Oral dosing of domperidone paste should be started 20 days prior to the expected foaling date if mares remain on toxic fescue up to parturition. If mares are removed from tall fescue prior to parturition, it is recommended that domperidone treatment be started 10 to 14 days prior to the expected foaling date depending on the condition of the mare’s udder. If udder development is normal, mares will probably not require treatment. Domperidone must be obtained from a licensed veterinarian.
Other management practices. There are other practices that may reduce symptoms of toxicosis, mainly by reducing heat stress of the grazing animal. Data supporting these practices are limited and inconsistent; as such, these practices are considered marginally effective. They are mentioned in this guide because producers often ask about them.

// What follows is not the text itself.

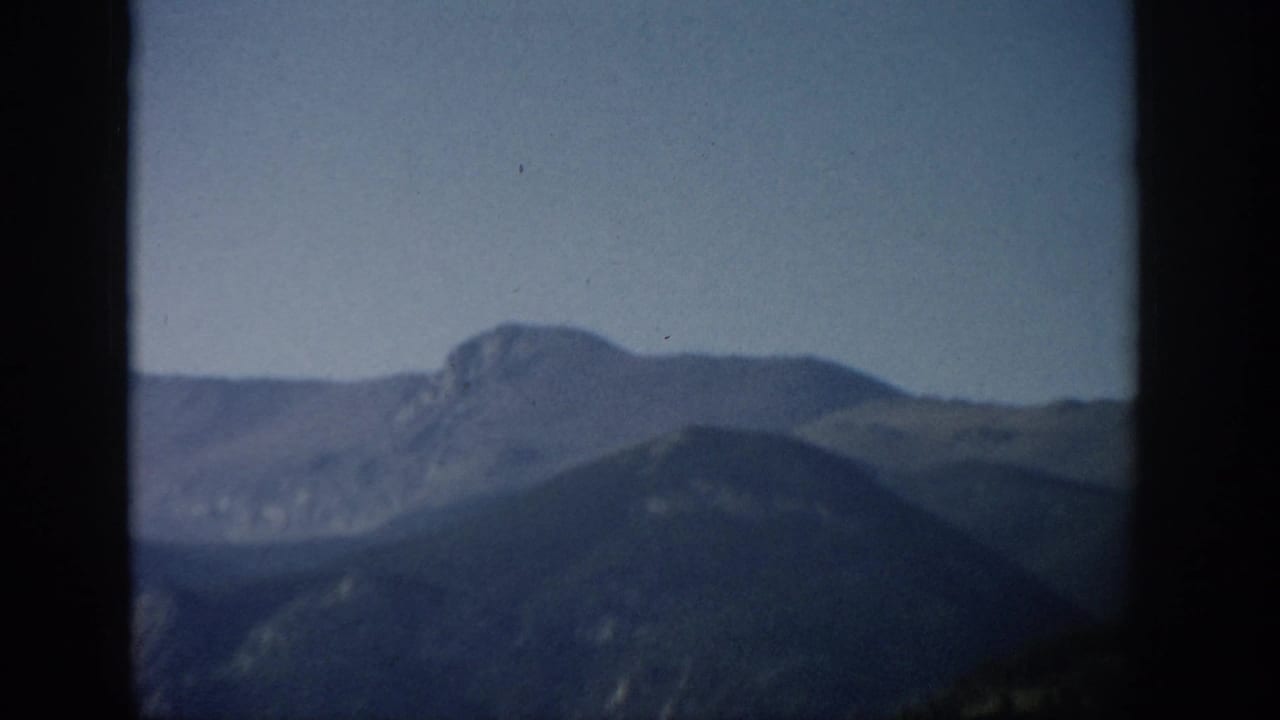 Aerial-looking 1959 Colorado mountain view with a distant rocky peak, darker ridge line, and visible 8mm border edges.
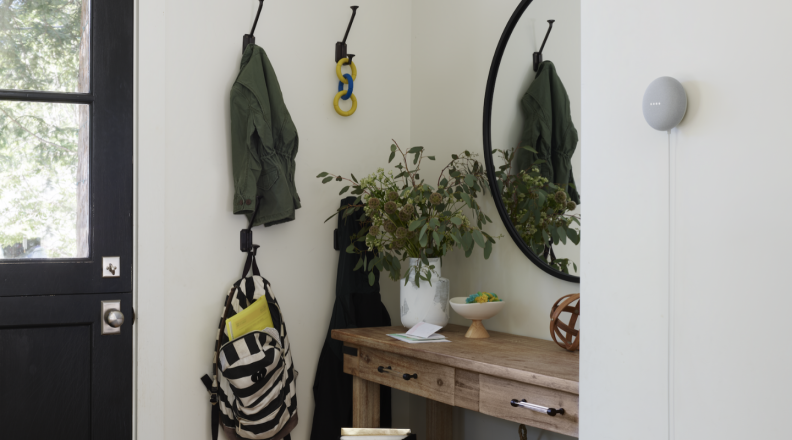 A Google Nest Mini hangs on the wall.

One practice that may reduce heat stress is treatment with ivermectin. Ivermectin is a dewormer commercially marketed as Ivomec. Beef steers grazing toxic endophyte-infected tall fescue have shown greater performance response to ivermectin than similarly treated steers which grazed endophyte-free tall fescue. Dewormed animals also appeared to show fewer clinical symptoms of tall fescue toxicosis than untreated animals (6). Ivermectin has also been shown to reduce high core body temperature when administered to rats (34).
Another practice is the feeding of a seaweed-based feed supplement sold under the trade name of Tasco. Tasco has been shown to produce a short-lived reduction of rectal temperatures in beef cattle grazing toxic tall fescue (31). However, the effect of Tasco on heat stress was typically short-lived and was inconsistent across trial locations. In addition, Tasco has not improved animal gain (31).
A third practice, popularized in research updates but not yet available to the public, involves treating animals with nitric oxide (2). Nitric oxide is a vasodilator. Patches containing nitrous oxide have been applied to beef cows to offset vasoconstriction, thereby permitting increased blood flow to extremities and the dissipation of heat. Whether or not this treatment is proven effective and becomes available to the public depends on progress in research and commercialization.
There are other practices that are proposed to alleviate tall fescue toxicosis, although there is little data to support them. Many mineral mixes are sold as cures for fescue toxicosis. The mineral mixes seem to help those animals suffering from mineral deficiencies; however, they have no proven effect on alleviating tall fescue toxicosis. In addition to mineral supplements, there are vaccines against specific fescue toxins that are currently being tested. To date, no vaccines have prevented long-term symptoms of tall fescue toxicosis.
Tall fescue toxicosis is a serious problem for all classes of domestic livestock but producers can manage it. They should first test their fields to determine endophyte levels and then develop the best management strategies for their farms. Producers can eliminate ergot alkaloid problems by converting the old tall fescue pastures to new cultivars that are endophyte-free or infected with beneficial endophytes. Alternatively, they can employ both new and old management practices that limit the ingestion of toxic alkaloids and improve the health of their livestock and the profitability of their operations.